The teachers’ choice reflects the other set of tensions playing out in District 5. While it is easy to look at labor in monolithic terms, the contest is a reminder that Montgomery’s public employee unions have distinctly different needs and objectives.
Hucker, a founder and former executive director of Progressive Maryland, has strong ties to the labor movement and especially the senior leadership of MCEA. He has won their endorsement for his state legislative campaigns. Under almost any other circumstance, he’d have received it again for his council run.
But as a Board of Education member Barclay has been an important player for the MCEA, working closely with the union on budgets and other policy questions. He also has two years left on his term and does not have to resign to run for council. For the teachers, that means endorsing Hucker would result in one of two outcomes, both bad. A Hucker victory would lead to an awkward-at-best two more years of doing school board business with Barclay. A Barclay win would install an alienated ally on the County Council.
Hucker, meanwhile, has been endorsed by unions long frustrated with the teachers’ dominance of county spending (school funding comprises more than half of Montgomery’s operating budget).
The United Food and Commercial Workers (UFCW) Local 1994, also known as Municipal and County Government Employees Organization (MCGEO) represents about 10,000 non-uniformed Montgomery workers. Along with the International Association of Fire Fighters Local 1664, they are especially unhappy that MCEA lobbied successfully in Annapolis a couple of years ago to tighten the so-called “maintenance of effort” law that mandates minimum levels of local education spending as a condition of state funding. They believe that the law has taken money and benefits off the table that could have gone to their members.

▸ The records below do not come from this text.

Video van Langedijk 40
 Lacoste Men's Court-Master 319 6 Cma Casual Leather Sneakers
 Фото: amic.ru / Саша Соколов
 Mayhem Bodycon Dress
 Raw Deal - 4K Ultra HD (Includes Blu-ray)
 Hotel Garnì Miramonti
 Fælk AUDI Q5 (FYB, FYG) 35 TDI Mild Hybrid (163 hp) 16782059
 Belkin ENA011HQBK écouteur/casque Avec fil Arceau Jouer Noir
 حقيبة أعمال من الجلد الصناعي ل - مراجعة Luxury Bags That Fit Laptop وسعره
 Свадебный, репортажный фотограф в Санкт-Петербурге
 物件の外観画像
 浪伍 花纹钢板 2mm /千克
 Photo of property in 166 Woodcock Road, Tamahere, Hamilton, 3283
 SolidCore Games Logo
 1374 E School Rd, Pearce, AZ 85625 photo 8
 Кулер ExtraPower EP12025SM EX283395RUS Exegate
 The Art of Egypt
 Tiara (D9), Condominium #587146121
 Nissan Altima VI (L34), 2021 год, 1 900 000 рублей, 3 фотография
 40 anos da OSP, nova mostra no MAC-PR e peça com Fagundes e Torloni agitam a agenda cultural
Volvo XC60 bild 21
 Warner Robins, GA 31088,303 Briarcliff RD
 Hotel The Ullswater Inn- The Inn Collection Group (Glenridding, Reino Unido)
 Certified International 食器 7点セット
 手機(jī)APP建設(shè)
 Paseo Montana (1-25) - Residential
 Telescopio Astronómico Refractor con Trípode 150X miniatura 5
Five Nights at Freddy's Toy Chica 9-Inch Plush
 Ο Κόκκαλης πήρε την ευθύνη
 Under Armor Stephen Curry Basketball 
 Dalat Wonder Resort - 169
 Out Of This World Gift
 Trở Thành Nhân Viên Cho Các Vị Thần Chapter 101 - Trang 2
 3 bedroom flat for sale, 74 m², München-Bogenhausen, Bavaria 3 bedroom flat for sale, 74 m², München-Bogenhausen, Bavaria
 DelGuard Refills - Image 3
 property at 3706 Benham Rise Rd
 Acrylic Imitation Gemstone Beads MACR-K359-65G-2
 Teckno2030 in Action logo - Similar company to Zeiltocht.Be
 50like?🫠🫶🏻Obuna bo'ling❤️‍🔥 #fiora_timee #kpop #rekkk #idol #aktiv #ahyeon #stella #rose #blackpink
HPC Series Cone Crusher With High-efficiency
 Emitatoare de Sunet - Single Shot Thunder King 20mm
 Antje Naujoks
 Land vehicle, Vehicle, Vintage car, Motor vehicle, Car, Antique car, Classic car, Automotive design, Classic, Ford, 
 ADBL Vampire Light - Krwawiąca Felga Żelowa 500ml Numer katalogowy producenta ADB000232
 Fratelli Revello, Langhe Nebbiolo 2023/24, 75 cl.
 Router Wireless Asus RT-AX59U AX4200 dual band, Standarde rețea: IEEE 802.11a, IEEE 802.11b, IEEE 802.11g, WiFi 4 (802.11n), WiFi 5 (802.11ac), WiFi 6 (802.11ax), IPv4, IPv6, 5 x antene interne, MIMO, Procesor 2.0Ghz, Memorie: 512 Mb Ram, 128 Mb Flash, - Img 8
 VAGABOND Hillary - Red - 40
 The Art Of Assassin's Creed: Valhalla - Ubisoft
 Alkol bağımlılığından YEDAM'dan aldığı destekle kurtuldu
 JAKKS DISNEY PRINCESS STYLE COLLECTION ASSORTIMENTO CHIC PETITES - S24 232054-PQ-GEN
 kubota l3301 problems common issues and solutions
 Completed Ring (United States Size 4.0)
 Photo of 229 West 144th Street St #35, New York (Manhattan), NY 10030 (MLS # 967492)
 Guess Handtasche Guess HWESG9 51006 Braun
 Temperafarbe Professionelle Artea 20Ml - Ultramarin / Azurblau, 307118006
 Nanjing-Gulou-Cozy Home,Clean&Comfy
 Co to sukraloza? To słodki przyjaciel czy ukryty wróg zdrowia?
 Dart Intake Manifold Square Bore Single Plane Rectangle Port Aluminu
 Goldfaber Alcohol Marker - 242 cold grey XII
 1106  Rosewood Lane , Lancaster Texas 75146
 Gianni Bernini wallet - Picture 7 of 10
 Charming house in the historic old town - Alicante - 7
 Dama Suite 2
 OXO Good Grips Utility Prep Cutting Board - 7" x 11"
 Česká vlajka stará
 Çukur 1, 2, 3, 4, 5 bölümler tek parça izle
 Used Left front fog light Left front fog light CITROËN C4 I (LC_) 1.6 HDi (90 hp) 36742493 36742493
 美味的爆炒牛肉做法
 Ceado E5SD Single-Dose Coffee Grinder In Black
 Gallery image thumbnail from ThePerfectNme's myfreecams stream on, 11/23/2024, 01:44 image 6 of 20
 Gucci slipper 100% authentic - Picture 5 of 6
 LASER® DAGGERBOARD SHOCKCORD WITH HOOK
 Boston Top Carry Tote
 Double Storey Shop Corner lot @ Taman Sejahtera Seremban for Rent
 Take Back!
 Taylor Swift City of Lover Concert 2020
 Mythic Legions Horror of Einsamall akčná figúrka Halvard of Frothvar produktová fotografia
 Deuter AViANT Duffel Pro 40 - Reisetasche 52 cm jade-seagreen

Adding to the backstory is Ervin’s turbulent relationship with MCGEO president Gino Renne. A one-time UFCW organizer, Ervin clashed with Renne on a series of measures, including changes in collective bargaining and disability retirement rules for police.
The tensions grew personal. Renne unsuccessfully sought a county inspector general’s investigation of alleged ethical violations on Ervin’s part. She charged that MCGEO was behind an anonymous Web site that smeared her. Renne denied any connection to the site.
Ervin says she’s not interested in payback, but it’s no accident that she and Renne once again find themselves on opposite sides.
In announcing its endorsement of Hucker a few weeks ago, MCGEO said District 5 was “its top priority this election season, and will launch a robust political program including weekend door knocking and phone banks.”